Die Faktenmasse kriegt Condon so besser in den Griff als die ohne große Anteilnahme erzählte Story einer gescheiterten Freundschaft, die doch eigentlich den emotionalen Kern seiner Kinoerzählung ausmachen müsste. Der Berliner Daniel Domscheit-Berg (Daniel Brühl) schließt sich dem australischen Hacker Julian Assange (Benedict Cumberbatch) an, der als einsamer Digitalnomade mit Laptop durch die Welt zieht und „die Wahrheit“ ans Licht bringen will. Nach einigen kleineren Coups wird ihre Enthüllungsplattform Wikileaks plötzlich weltbekannt, als sie Videos von US-Kriegsverbrechen im Irak und Hunderttausende Depeschen bisweilen peinlichen Inhalts veröffentlicht. Und Julian Assange, der Mann, der Verbrechen aufdeckte, wird seither als Verbrecher gejagt. Welches Feuer aber warum im Überzeugungstäter Assange glüht, wie er wurde, was er ist: Dafür interessiert sich der Regisseur kaum. Der großartige Benedict Cumberbatch („Sherlock“) übersetzt dieses psychologische Geheimnis in eine Mimik, die zerwalkt wird zwischen innerer Getriebenheit und der Erschöpfung eines geografisch wie emotional Heimatlosen. An Assanges Entwurzelung, seiner Egozentrik, Eitelkeit und Ruhmsucht scheitert schließlich alles: Freundschaften, Wikileaks und ein wenig auch der Film.
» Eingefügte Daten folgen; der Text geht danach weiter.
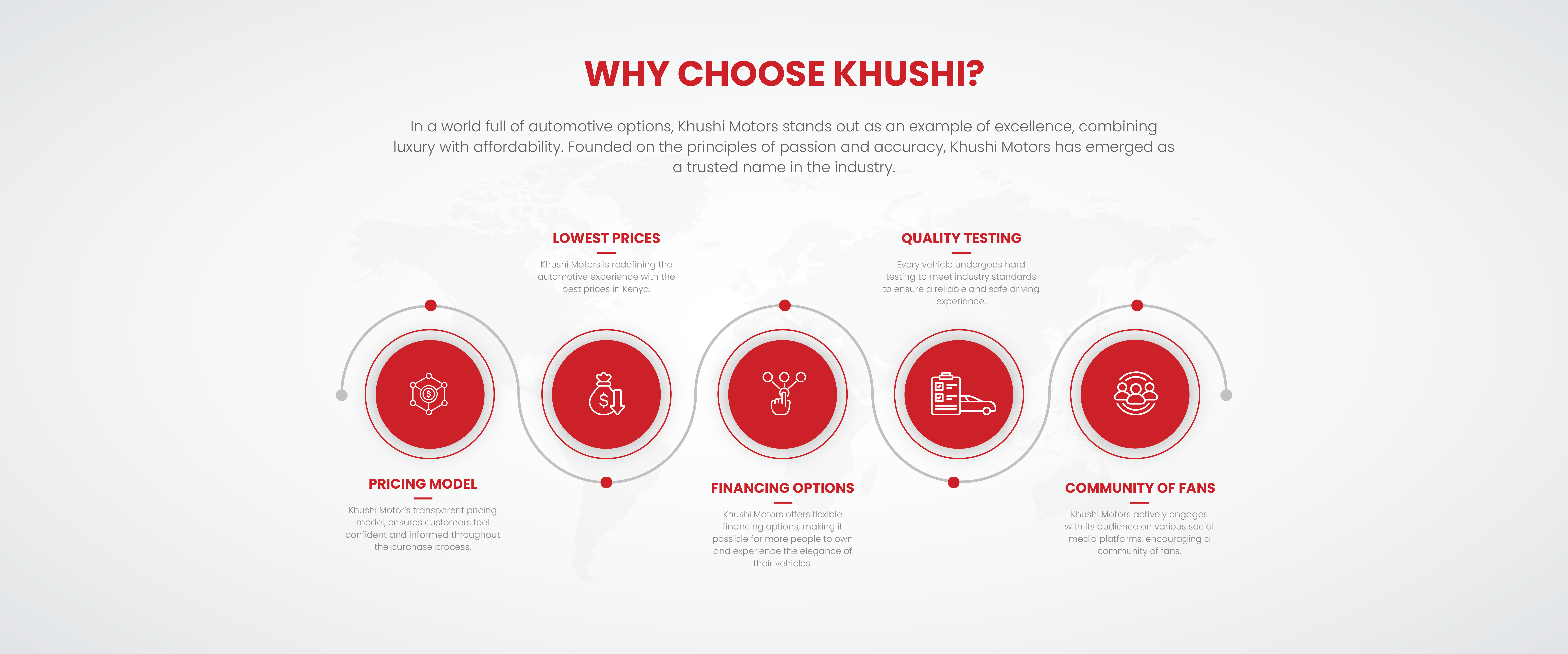 khushi motors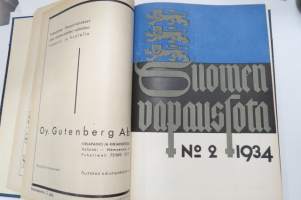 Suomen vapaussota 1934 sidottu vuosikerta, numerot 1-12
Große Wahrheiten – große Verantwortung

Das Drehbuch nämlich basiert auf Bergs Autobiografie, einer Abrechnung mit Assange; deshalb bleibt Daniel Brühls Berg stets der anständige Bedenkenträger, während der publicitysüchtige Assange für einen Coup auch mal das Leben riskiert – zumindest das der anderen. Der Besitz großer Wahrheiten, suggeriert Condon, bürdet einem auch große Verantwortung auf – und das erfordert großen Rückhalt, um den der Soziopath Assange verbissen kämpft. „It’s all about you“, barmt er deshalb am Ende um solidarische Unterstützung – und fügt mit so sardonischem wie entschuldigendem Breitbandgrinsen hinzu, während er direkt in die Kamera blickt: „And a little bit about me.“ Als wenn wir das zu diesem Zeitpunkt nicht schon längst begriffen hätten. (mw)

  • Inside Wikileaks - Die fünfte Gewalt (Filmbild 2)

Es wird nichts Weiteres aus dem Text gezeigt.